● RECORDED INFORMATION

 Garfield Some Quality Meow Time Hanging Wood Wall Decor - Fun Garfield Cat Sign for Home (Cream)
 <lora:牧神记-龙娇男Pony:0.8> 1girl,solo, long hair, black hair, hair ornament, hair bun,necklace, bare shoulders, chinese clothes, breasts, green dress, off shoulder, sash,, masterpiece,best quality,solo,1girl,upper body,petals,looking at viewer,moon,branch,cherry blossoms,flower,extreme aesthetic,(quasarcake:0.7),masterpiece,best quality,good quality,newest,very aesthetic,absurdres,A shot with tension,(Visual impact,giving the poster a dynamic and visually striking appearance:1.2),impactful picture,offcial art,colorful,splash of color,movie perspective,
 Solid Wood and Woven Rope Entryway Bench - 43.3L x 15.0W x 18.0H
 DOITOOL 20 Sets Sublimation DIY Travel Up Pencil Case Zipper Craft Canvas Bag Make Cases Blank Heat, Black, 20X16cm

* * *

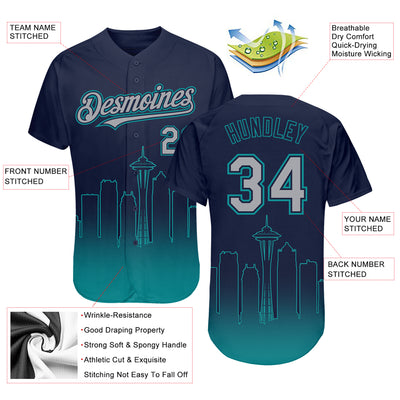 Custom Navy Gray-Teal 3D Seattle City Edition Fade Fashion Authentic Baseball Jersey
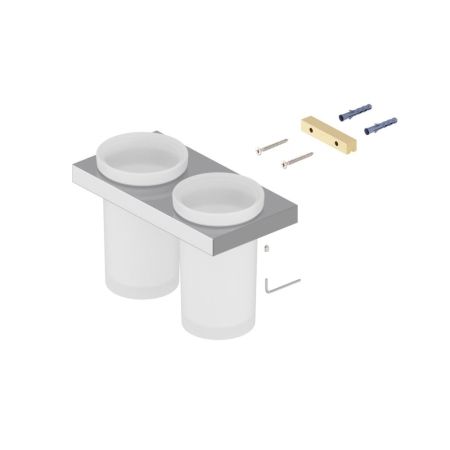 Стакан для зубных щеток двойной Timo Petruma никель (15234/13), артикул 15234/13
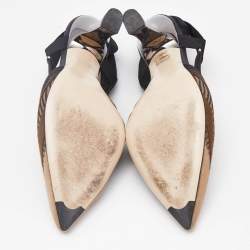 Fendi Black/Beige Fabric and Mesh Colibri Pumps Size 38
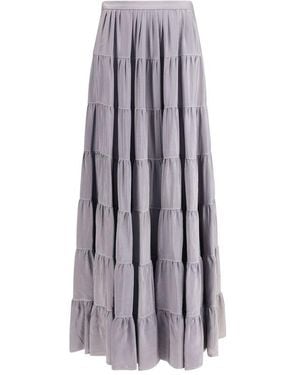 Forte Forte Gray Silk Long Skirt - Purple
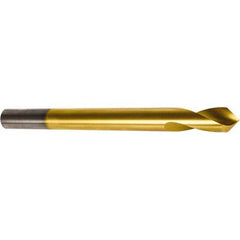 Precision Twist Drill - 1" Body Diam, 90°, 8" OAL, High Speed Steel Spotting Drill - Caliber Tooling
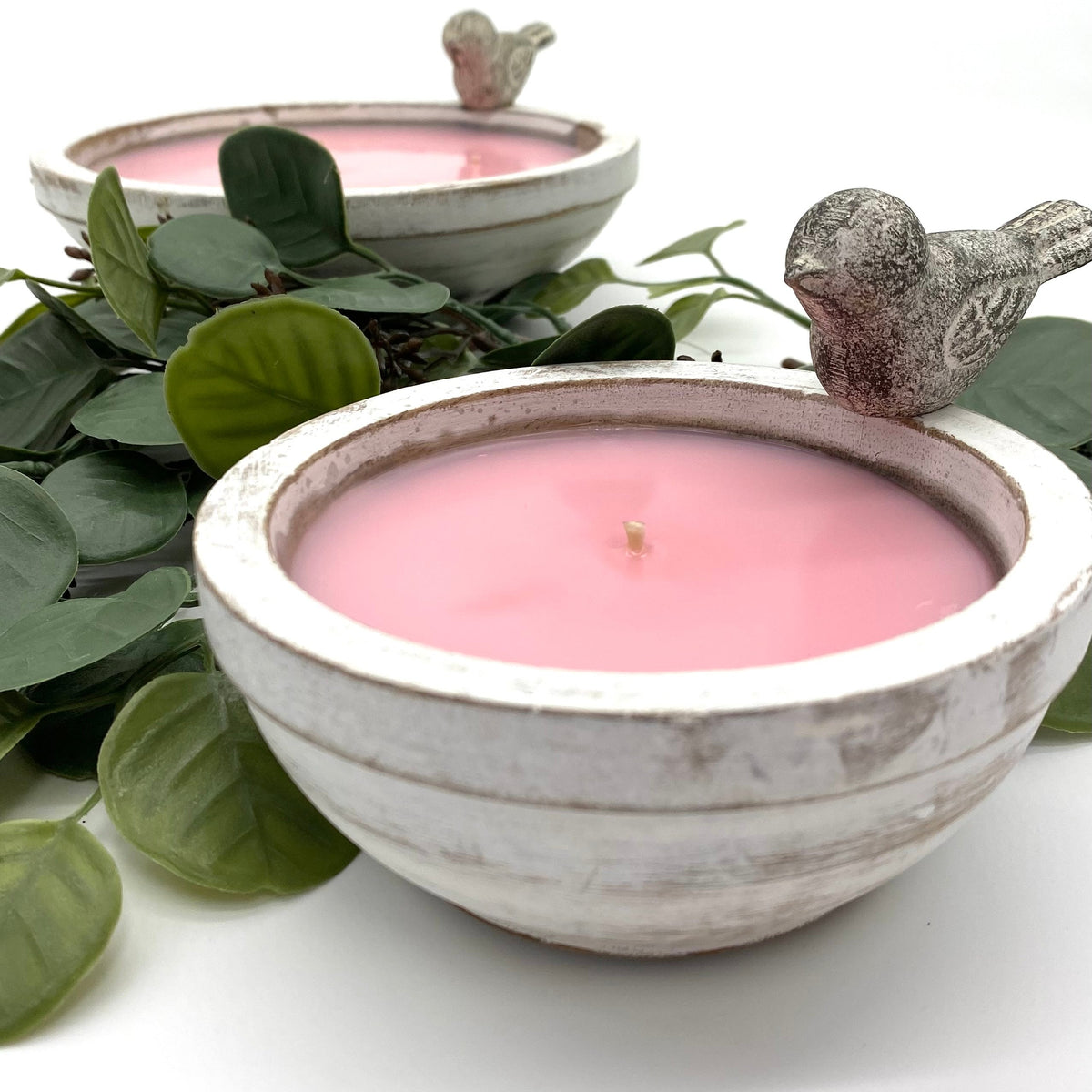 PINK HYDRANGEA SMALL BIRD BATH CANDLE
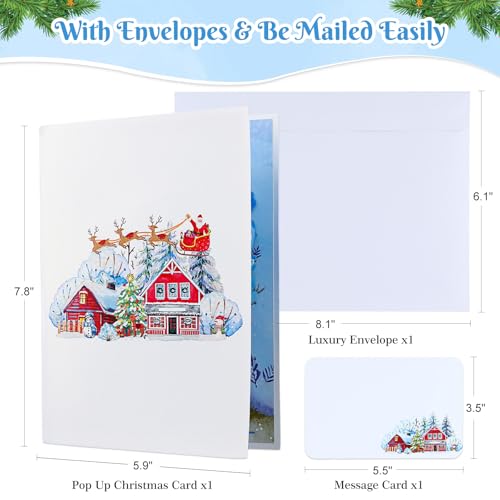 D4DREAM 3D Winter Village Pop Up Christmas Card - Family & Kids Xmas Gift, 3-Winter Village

● WHAT NEEDS TO BE DONE
Exactly as written above, retype the lines starting at the one holding "Fendi Black/Beige Fabric" and ending at the one holding "D4DREAM 3D Winter", both included, but not the pictures.

● ANSWER FOR THIS EXERCISE
 Fendi Black/Beige Fabric and Mesh Colibri Pumps Size 38
 Forte Forte Gray Silk Long Skirt - Purple
 Precision Twist Drill - 1" Body Diam, 90°, 8" OAL, High Speed Steel Spotting Drill - Caliber Tooling
 PINK HYDRANGEA SMALL BIRD BATH CANDLE
 D4DREAM 3D Winter Village Pop Up Christmas Card - Family & Kids Xmas Gift, 3-Winter Village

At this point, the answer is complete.